Task to carry out. When you write out the records, keep every word exact and drop the pictures.

※ ※ ※

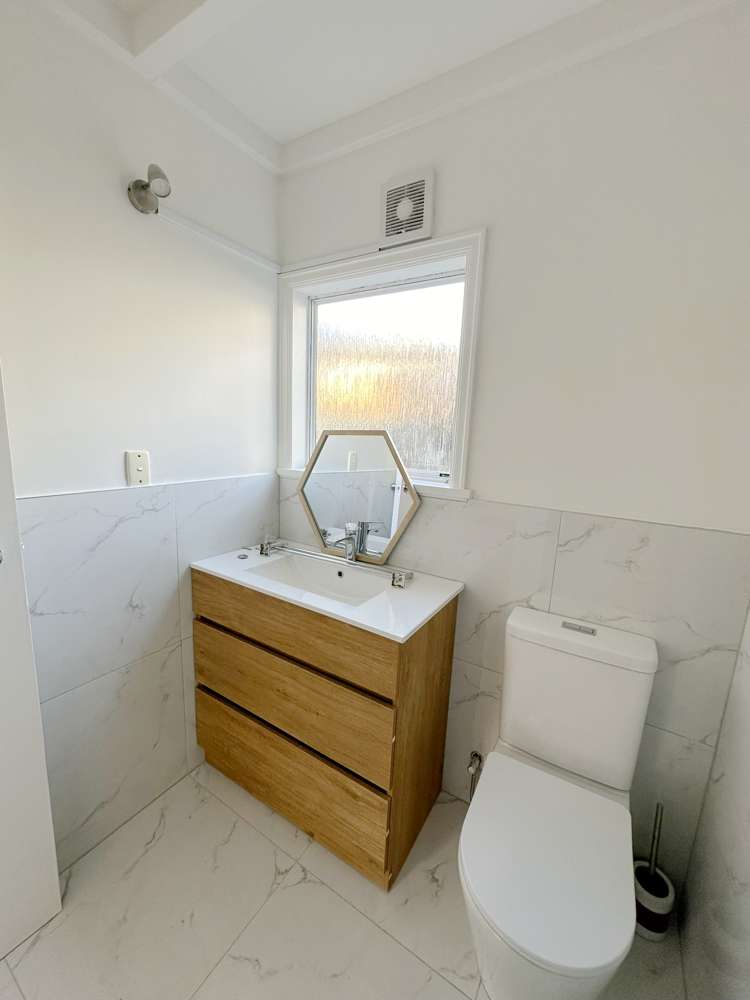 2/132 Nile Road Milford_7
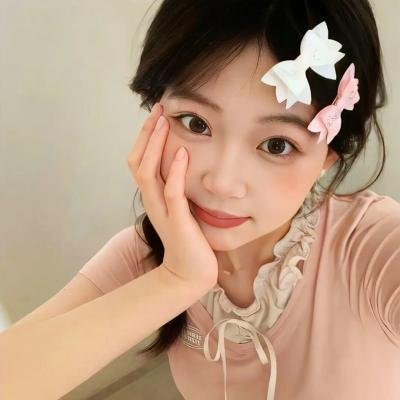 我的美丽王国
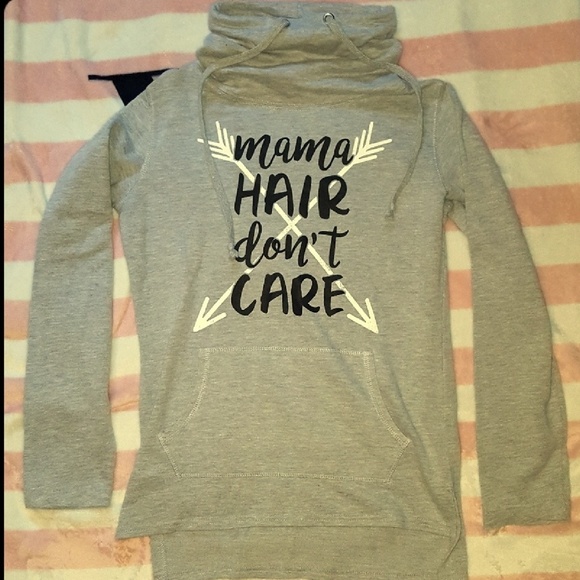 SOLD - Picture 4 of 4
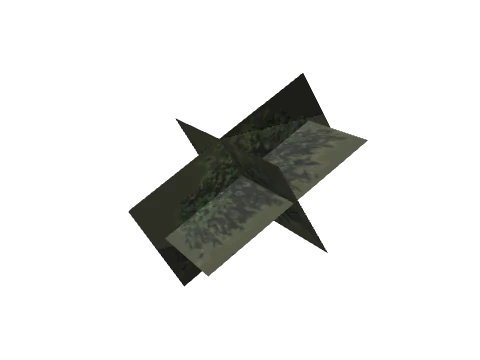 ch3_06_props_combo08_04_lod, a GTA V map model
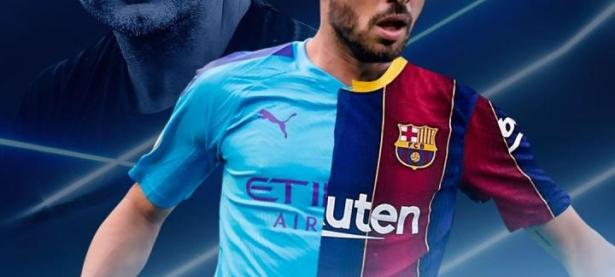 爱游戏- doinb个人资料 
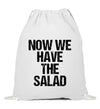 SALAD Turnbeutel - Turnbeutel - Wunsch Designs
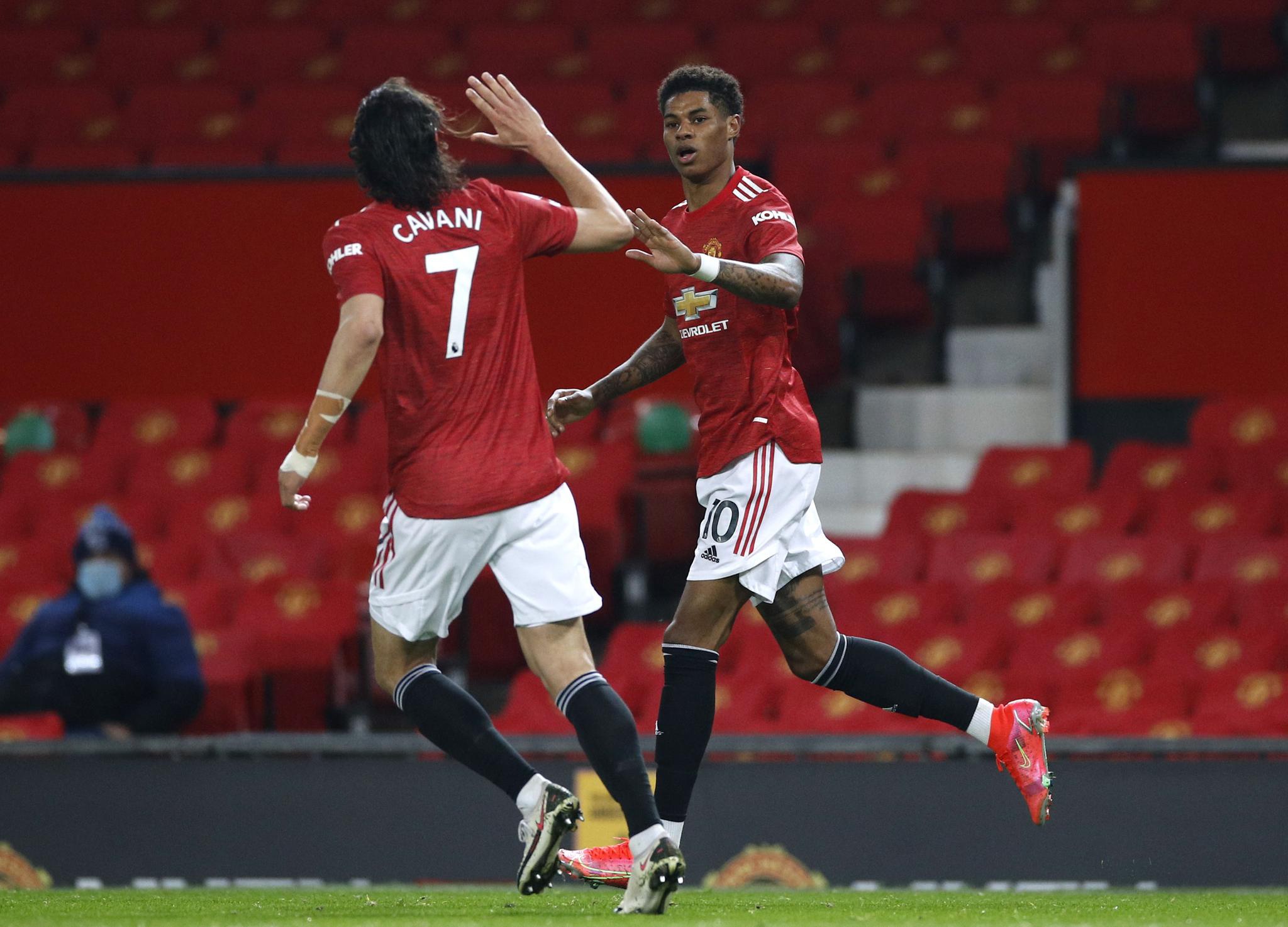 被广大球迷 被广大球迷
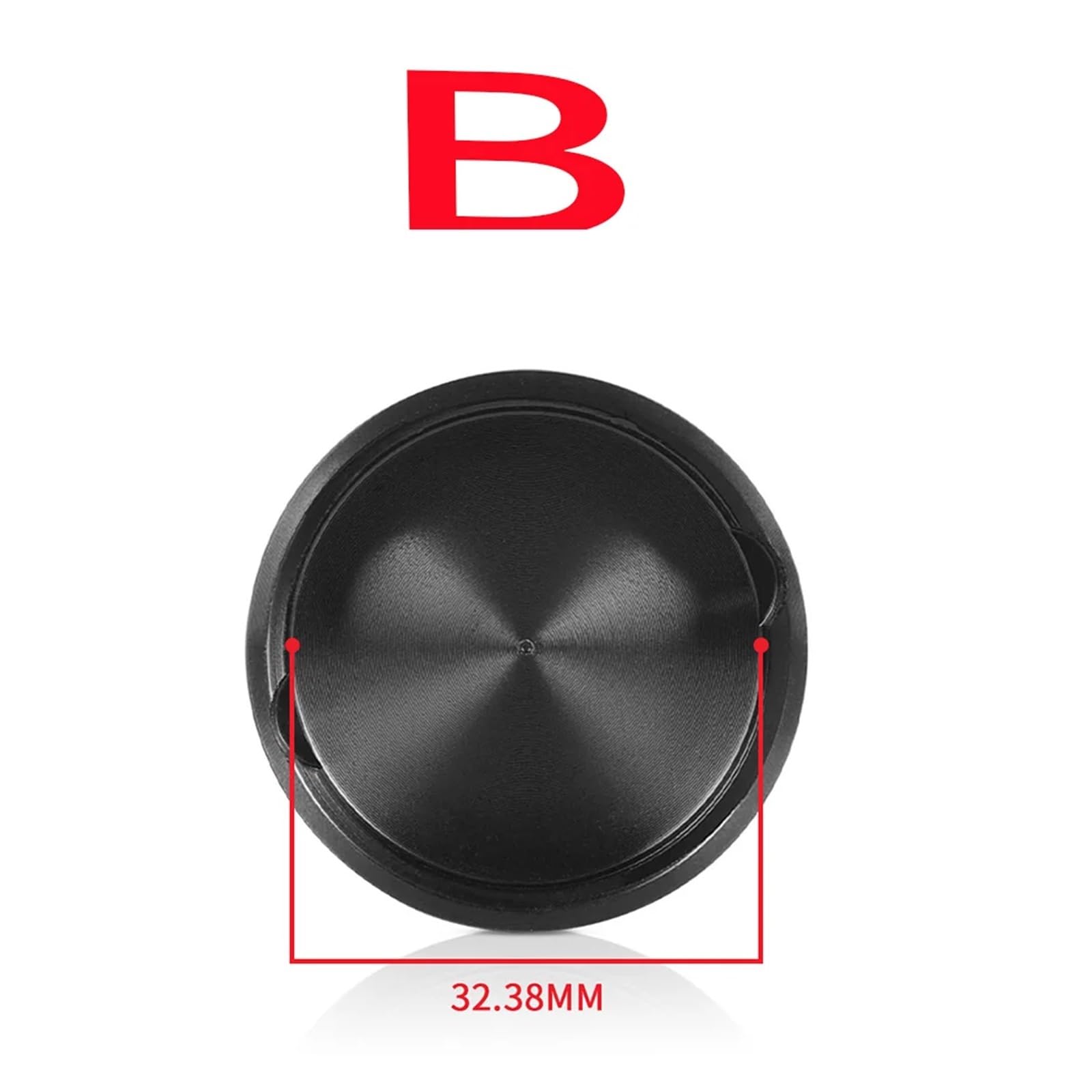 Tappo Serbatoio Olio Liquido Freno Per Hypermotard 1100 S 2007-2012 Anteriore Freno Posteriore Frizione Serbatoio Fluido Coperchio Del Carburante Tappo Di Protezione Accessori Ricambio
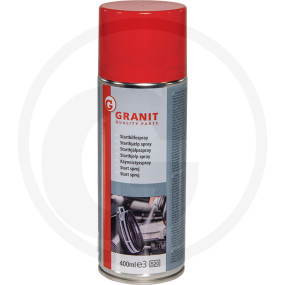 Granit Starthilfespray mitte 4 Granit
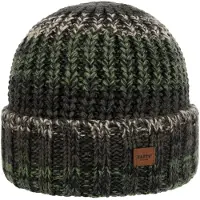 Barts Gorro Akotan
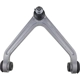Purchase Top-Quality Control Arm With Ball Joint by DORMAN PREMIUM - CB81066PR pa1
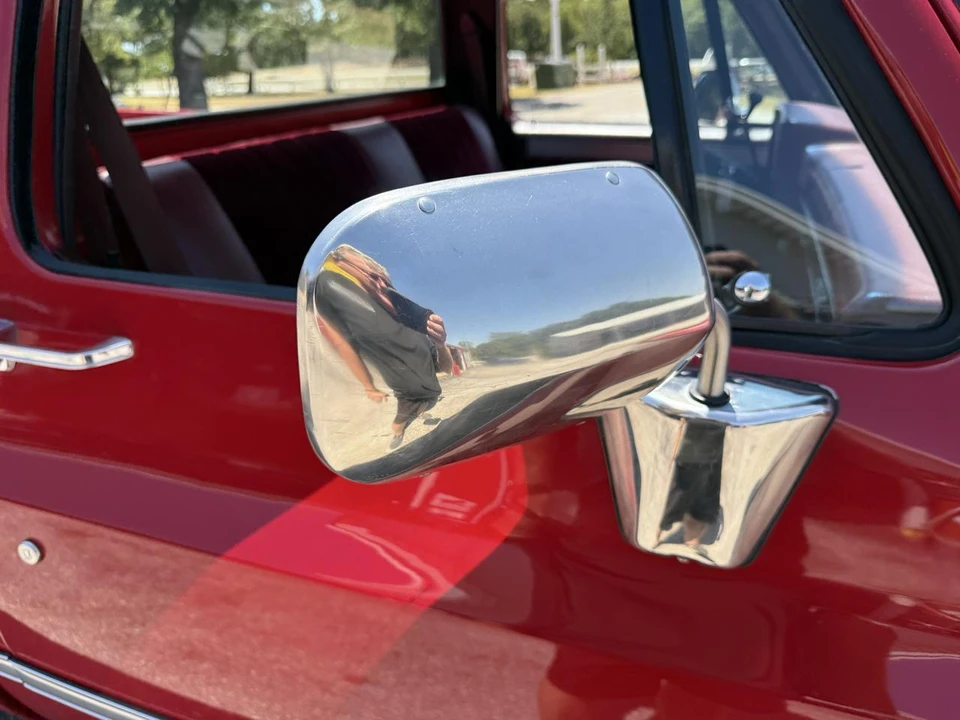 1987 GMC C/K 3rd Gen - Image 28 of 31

※ ※ ※

Response to the exercise.
 2/132 Nile Road Milford_7
 我的美丽王国
 SOLD - Picture 4 of 4
 ch3_06_props_combo08_04_lod, a GTA V map model
 爱游戏- doinb个人资料 
 SALAD Turnbeutel - Turnbeutel - Wunsch Designs
 被广大球迷 被广大球迷
 Tappo Serbatoio Olio Liquido Freno Per Hypermotard 1100 S 2007-2012 Anteriore Freno Posteriore Frizione Serbatoio Fluido Coperchio Del Carburante Tappo Di Protezione Accessori Ricambio
 Granit Starthilfespray mitte 4 Granit
 Barts Gorro Akotan
Purchase Top-Quality Control Arm With Ball Joint by DORMAN PREMIUM - CB81066PR pa1
 1987 GMC C/K 3rd Gen - Image 28 of 31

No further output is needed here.